Other solutions of the state of the art, such as that disclosed in North American patent US 5808441 , refers to additional solutions for the control and protection of electric motors.

Patent US 5808441 refers to a micro-processing system to con- trol the motor, with the aim of monitoring and controlling the start-up and normal operation of a single-phase motor.

Said control is carried out by way of the phase difference measured between the mains voltage and the voltage between the main and auxiliary windings. More particularly, the invention described in the document US5808441 describes a motor control system for compressor or cooling apparatus.

A drawback of said North American art refers to the fact that said system is linked directly to the mains, which in many cases causes an inadequate working of the motor due to interferences or noise existing in the power line.

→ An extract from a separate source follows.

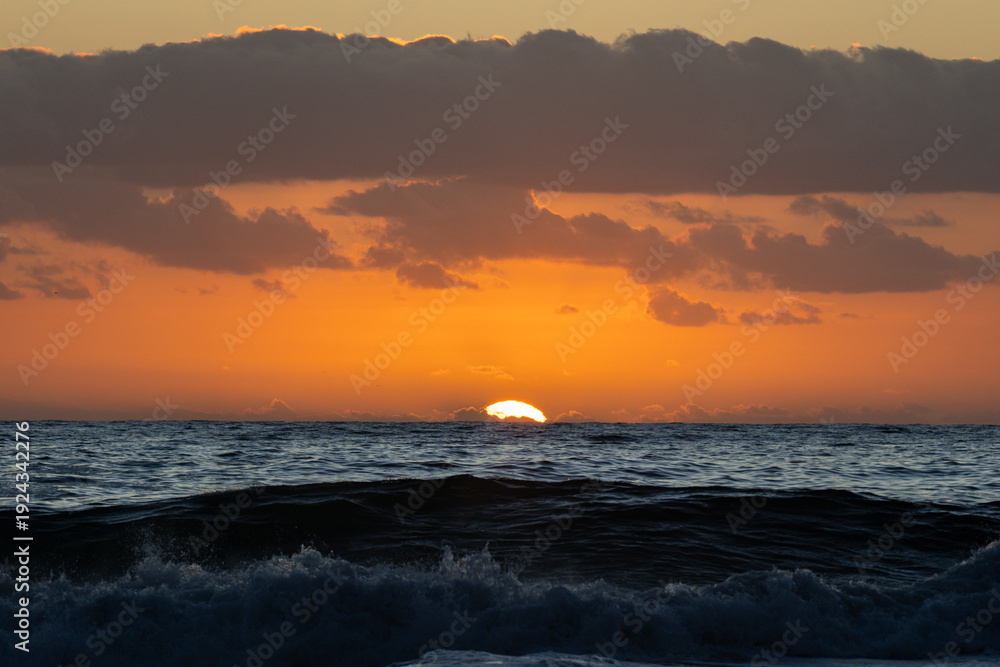 Obraz premium Sunset in Camps Bay South Africa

An additional drawback of the art presented in document US 5808441 refers to the use of additional sensors to measure a phase difference described below.

Based on the above, the present invention offers an innovative control and protection system for a single-phase induction motor compared to prior arts, capable of providing, efficiently, a start-up condition of the machine, as well as to evaluate a deceleration condition of the motor. Said characteristics are achieved by an arrangement not directly associated to the mains that is capable of avoiding potential noise interference from the mains, besides not using additional sensors. Objectives of the Invention

A first objective of the present invention is to propose a control and protection system for single-phase induction motor, capable of detecting a start-up condition of the motor based on the observation of the phase difference between the currents of the main and auxiliary windings, and also of detecting any deceleration of the machine based on the observation of the phase difference existing between the current that circulates through the main winding and the voltage on the switch of the start-up winding.

A second objective of the present invention is to propose a control and protection method for single-phase induction motor, capable of detecting the start-up and deceleration conditions of the machine. Brief Description of the Invention

The first objective of the present invention is achieved by providing a control and protection system for a single-phase induction motor comprising at least one electronic control circuit, at least one main switch and at least one auxiliary switch, the main switch being electrically associated to a main winding of the single-phase induction motor, the auxiliary switch being electrically associated to an auxiliary winding of the single-phase induction motor through an electrical connection point, the electronic control circuit being electrically associated to a trigger terminal of the auxiliary switch and to a trigger terminal of the main switch, the electronic control circuit being electrically associated to the electrical connection point, the control and protection system for a single-phase induction motor and the single-phase motor being electrically associable to an alternating voltage source, the electronic control circuit being capable of detecting a first movement condition of the single-phase motor based on an angle-phasor difference measured between the currents that circulate through the main and auxiliary windings, and capable of detecting a second movement condition of the single-phase motor based on an angle-phasor difference measured between the current that circulates through the main winding and the electrical voltage on the auxiliary switch.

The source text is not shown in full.